Inherited Attributes
They allow for the values of the attributes to be passed sideways
and down in the tree. They may add symbol table information.
E -> T TT
TT.st := T.val			E.val := TT.val
TT1 -> + T TT2
TT2.st := TT1.st + T.val	TT1.val := TT2.val
TT1 -> - T TT2
TT2.st := TT1.st - T.val	TT1.val := TT.val
TT -> e				TT.val := TT.st
Attribute Grammars in NLP
Code Optimizers
- The output code must not, in any way, change the meaning of the
program.
 - Optimization should increase the speed of the program and if
possible, the program should require less resources.
 - Optimization should itself be fast and should not delay the
overall compiling process.
 - Can be machine-independent or machine dependent (involving
registers, absolute memory references).
 
Code Optimization
- There are several possible levels of target code improvement.
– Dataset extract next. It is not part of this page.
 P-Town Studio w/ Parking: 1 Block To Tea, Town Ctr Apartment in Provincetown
 - Peephole optimizer: scans already generated code for obvious
suboptimal sequences.
 - Local optimization: improvement of basic blocks, maximal groups
that will execute in their entirety (loops, conditionals, etc.) Mostly
tries to eliminate redundancy.
 - Global optimization: looks at functions in their entirety. They
focus on multi-block elimination of redundancy, instruction
scheduling, register allocation.
 - Interprocedural optimization: more difficult.
 
Peephole Optimization
- Elimination of redundant loads and stores.
 - Constant folding: x = 3 * 2 becomes x = 6.
 - Constant propagation:
r1 = 4
r2 = r2 + r1 becomes r2 = r2 + 4
 - Common subexpression elimination.
 - Strength reduction:
r1 = r2 * 2 becomes r1 = r2 + r2 or r1 = r2 << 1 
 
Local Optimization
- Redundant loads and computations can be merged into individual
nodes with multiple parents.
 - Value numbering assigns the same name (a "number") to any two or
more symbolically equivalent computations ("values"), so redundant
instances will be recognizable by their common name.
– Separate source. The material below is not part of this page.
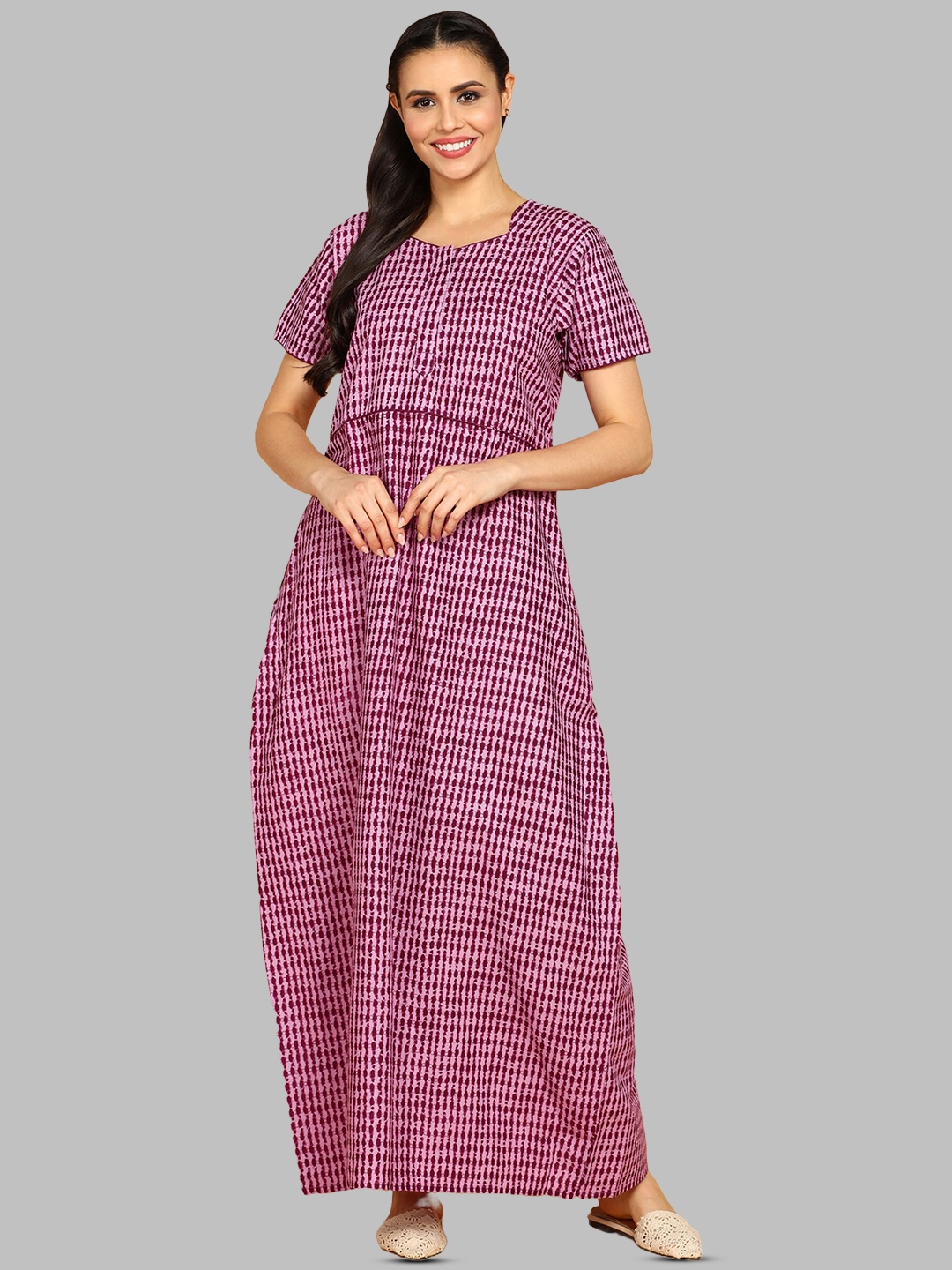 

Pranjul Geometric Printed Square Neck Pure Cotton Maxi Nightdress, Purple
 - A dictionary is used to keep track of these values.
 
Loop Optimization
- Invariant code: code that computes the same value in each
iteration.
 - Loop invariant code motion: move the invariant computations
outside (before) the loop.
 - Induction variable: a variable incremented or decrement by
a loop invariant. Can be optimized by strength reduction or common
references.
 - Dead Code elimination: find pieces of code that can never
be reached and eliminate them.
 
|  Original
 |  Optimized
 | 
 do
 {
     item = 10;
     value += item; 
 } while(value < 100);  
 | 
 item = 10;
 do
 {
     value += item; 
 } while(value < 100);  
 | 
Loop Invariant
// Original
do
{
    item = 10;
    value += item; 
} while(value < 100);
// Optimized
item = 10;
do
{
    value += item; 
} while(value < 100);
More Loop Invariant
// Original
for i = 1 to N 
    x = x + 1;
    for j = 1 to N 
        a(i,j) = 100*N + 10*i + j+ x;
// Optimized
t1 = 100*N
for i = 1 to N 
    x = x + 1; 
    for j = 1 to N 
        a(i,j) = t1 + 10*i + j + x;
// Super-Optimized
t1 = 100*N;
for i = 1 to N 
    x = x + 1;
    t2 = t1 + 10*i + x;
    for j = 1 to N 
        a(i, j) = t2 + j;
Induction Variable Reduction
// Original
for i = 1 to N 
    a[i] = b[i];
// Optimized
t1 = &a;
t2 = &b;
for i = 1 to N 
    *t1 = *t2;
    t1++;
    t2++;
Induction Variable in Expressions 
(for i=0; i<n; i++)
    ...
    k = i * b;  
    // b is a loop invariant
// Replace with:
k = 0;
(for i=0; i<n; i++)
    ...
    k += b; 
Applying the Induction Variable Method
// Ultra-Optimized
t2 = 100*N + x;
for i = 1 to N 
    t2 += 11;
    for j = 1 to N 
        a(i,j) = t2 + j;
Global Optimization
- Global common instruction elimination and global variable
numbering.
 - Instruction scheduling: build a tree of dependencies and then use
an algorithm to find an optimal linear sequence of these instructions.
 - Loop improvement: loop unrolling (several iterations in one), loop
reordering (for nested loops), parallelization.